WORK TO COMPLETE —
From the records below, state how many lines include the word "تربیت", giving only that number.

-*-

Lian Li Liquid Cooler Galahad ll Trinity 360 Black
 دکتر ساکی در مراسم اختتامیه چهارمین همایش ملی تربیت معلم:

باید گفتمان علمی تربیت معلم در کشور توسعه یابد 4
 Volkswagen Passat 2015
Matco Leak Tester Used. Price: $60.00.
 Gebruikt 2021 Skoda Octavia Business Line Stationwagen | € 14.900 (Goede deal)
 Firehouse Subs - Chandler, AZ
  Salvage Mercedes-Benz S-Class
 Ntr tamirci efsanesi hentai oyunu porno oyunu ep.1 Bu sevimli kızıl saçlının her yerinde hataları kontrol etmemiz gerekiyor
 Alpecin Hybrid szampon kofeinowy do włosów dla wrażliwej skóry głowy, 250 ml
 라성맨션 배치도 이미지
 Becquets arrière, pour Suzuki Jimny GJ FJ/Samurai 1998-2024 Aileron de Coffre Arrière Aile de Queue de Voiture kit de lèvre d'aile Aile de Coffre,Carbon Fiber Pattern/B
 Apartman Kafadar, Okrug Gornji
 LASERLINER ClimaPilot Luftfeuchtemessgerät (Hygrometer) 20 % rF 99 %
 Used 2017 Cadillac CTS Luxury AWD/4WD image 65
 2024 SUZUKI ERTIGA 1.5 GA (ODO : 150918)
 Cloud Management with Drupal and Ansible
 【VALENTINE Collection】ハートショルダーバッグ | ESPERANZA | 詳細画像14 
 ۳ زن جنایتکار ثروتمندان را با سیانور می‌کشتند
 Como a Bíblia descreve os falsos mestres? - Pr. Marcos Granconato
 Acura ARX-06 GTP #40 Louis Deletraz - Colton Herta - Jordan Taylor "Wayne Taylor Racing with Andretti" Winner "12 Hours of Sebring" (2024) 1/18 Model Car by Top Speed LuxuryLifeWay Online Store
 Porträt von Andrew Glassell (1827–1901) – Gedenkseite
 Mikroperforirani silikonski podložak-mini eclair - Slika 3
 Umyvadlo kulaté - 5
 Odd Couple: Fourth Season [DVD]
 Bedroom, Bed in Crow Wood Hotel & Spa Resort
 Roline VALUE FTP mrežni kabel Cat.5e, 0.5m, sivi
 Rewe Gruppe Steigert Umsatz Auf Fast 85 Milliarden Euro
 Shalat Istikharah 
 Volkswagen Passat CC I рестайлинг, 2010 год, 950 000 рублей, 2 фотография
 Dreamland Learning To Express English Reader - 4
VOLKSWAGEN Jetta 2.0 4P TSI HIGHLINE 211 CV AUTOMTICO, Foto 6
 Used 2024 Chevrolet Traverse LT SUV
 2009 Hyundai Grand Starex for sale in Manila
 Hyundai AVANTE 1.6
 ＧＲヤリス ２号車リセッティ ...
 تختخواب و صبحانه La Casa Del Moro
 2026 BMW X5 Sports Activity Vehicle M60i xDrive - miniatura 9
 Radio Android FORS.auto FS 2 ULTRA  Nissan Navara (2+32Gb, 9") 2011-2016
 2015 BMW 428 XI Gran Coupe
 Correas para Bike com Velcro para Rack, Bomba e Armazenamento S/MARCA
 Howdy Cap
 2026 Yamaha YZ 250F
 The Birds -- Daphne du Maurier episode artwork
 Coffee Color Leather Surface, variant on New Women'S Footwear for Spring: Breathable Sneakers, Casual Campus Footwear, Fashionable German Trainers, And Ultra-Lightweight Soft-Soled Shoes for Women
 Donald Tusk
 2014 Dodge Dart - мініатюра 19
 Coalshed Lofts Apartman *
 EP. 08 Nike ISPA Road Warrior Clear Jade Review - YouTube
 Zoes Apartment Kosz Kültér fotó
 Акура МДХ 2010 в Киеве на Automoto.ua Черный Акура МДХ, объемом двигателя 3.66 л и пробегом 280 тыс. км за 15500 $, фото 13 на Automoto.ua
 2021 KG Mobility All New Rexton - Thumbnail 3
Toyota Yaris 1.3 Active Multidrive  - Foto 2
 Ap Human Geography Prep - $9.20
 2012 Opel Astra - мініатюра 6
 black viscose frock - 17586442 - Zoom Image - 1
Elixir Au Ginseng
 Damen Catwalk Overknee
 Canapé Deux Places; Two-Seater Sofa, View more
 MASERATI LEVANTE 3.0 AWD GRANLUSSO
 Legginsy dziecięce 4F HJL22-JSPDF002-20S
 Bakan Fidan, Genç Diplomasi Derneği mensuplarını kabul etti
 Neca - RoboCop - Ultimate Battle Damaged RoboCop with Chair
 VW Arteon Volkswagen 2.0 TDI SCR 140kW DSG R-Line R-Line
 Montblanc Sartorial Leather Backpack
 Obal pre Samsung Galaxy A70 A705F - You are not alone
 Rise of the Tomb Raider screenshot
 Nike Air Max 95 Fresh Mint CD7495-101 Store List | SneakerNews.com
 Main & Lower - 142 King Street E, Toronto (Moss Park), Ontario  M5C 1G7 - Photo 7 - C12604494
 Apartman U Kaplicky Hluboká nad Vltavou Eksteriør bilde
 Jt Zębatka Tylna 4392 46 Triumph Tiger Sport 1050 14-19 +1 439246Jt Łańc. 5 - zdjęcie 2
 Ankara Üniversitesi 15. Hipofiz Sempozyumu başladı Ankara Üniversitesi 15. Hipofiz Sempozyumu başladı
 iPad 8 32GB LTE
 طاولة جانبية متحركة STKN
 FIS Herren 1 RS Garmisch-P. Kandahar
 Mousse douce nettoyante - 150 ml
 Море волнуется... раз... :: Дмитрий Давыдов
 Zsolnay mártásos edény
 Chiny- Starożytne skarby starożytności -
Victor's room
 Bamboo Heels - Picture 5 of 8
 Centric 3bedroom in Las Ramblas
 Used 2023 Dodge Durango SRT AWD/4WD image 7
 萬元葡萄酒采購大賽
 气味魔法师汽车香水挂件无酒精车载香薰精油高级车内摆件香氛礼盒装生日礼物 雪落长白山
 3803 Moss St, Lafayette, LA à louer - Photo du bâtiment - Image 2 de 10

-*-

OUTPUT OF THE TASK —
2